(Records from a dataset)
------------------------------------------------

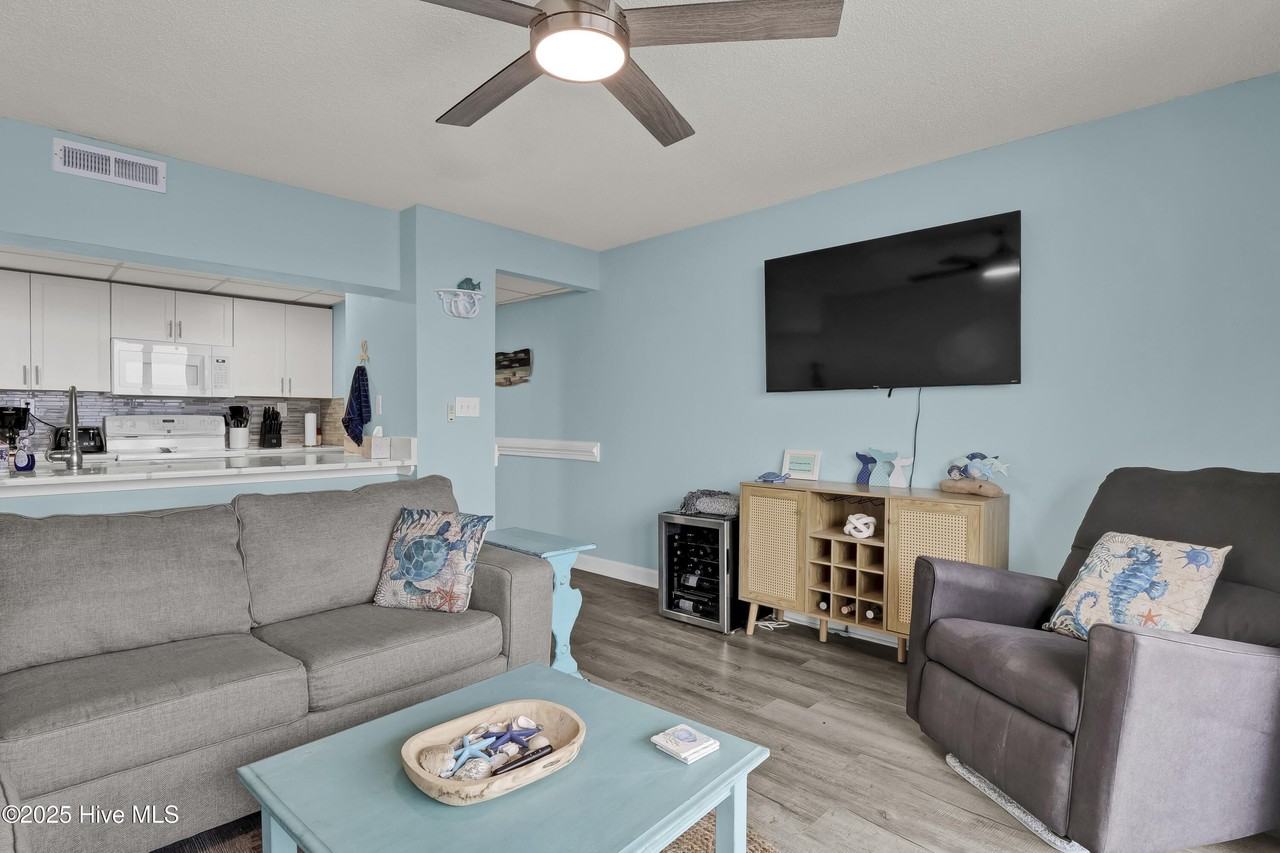 901 Lake Park Blvd S #304 - Photo 5 of 24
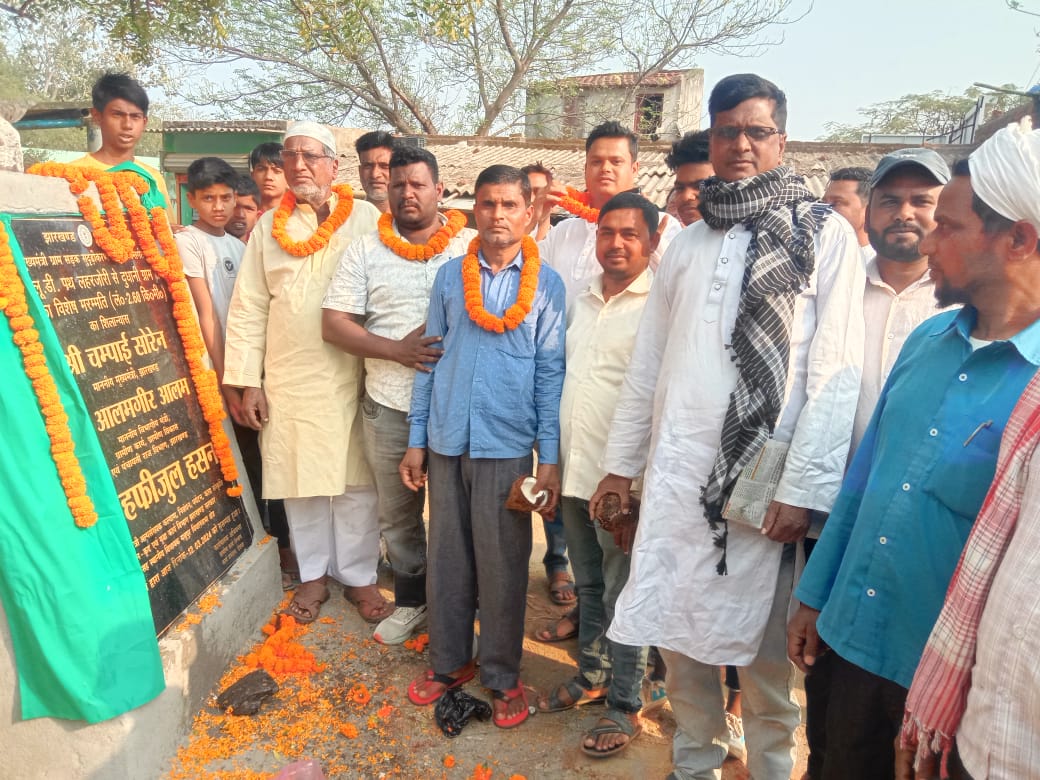मंत्री हफीजुल हसन ने सड़क सुदृढ़ीकरण का किया शिलान्यास 
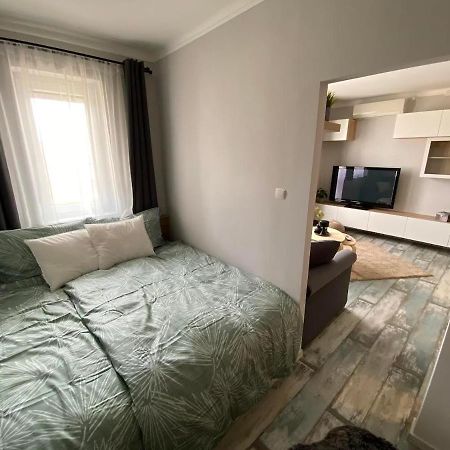 Chill Apartman Мисколк Екстериор снимка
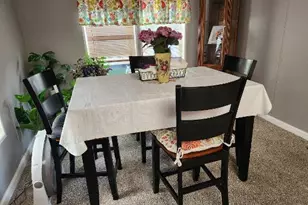 8 Doral St, Minooka, IL 60447 - Photo 4
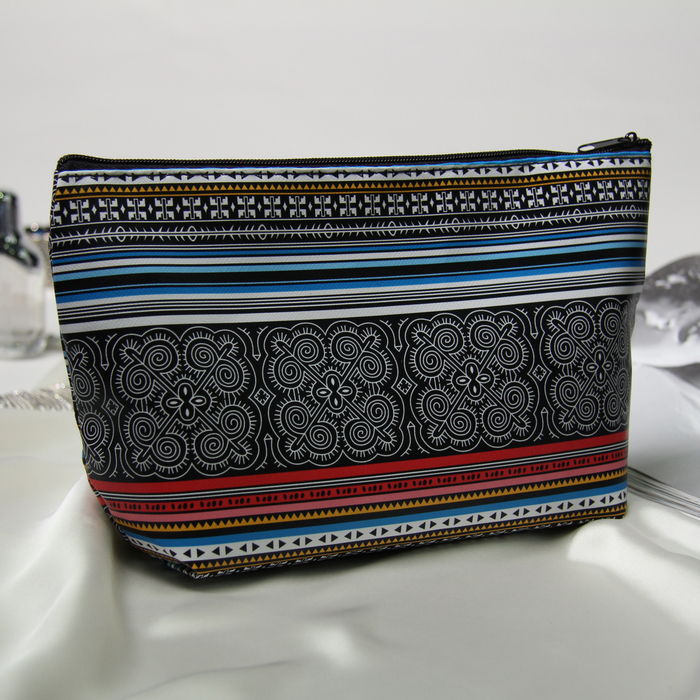 Косметичка простая «Восток», отдел на молнии, цвет чёрный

------------------------------------------------

#### Problem details:
Pictures are to be left out when the lines from the one containing "8 Doral St, Minooka, IL 60447 - Photo 4" through the end of the records above are repeated exactly; no other line is wanted.

#### Result of this task:
 8 Doral St, Minooka, IL 60447 - Photo 4
 Косметичка простая «Восток», отдел на молнии, цвет чёрный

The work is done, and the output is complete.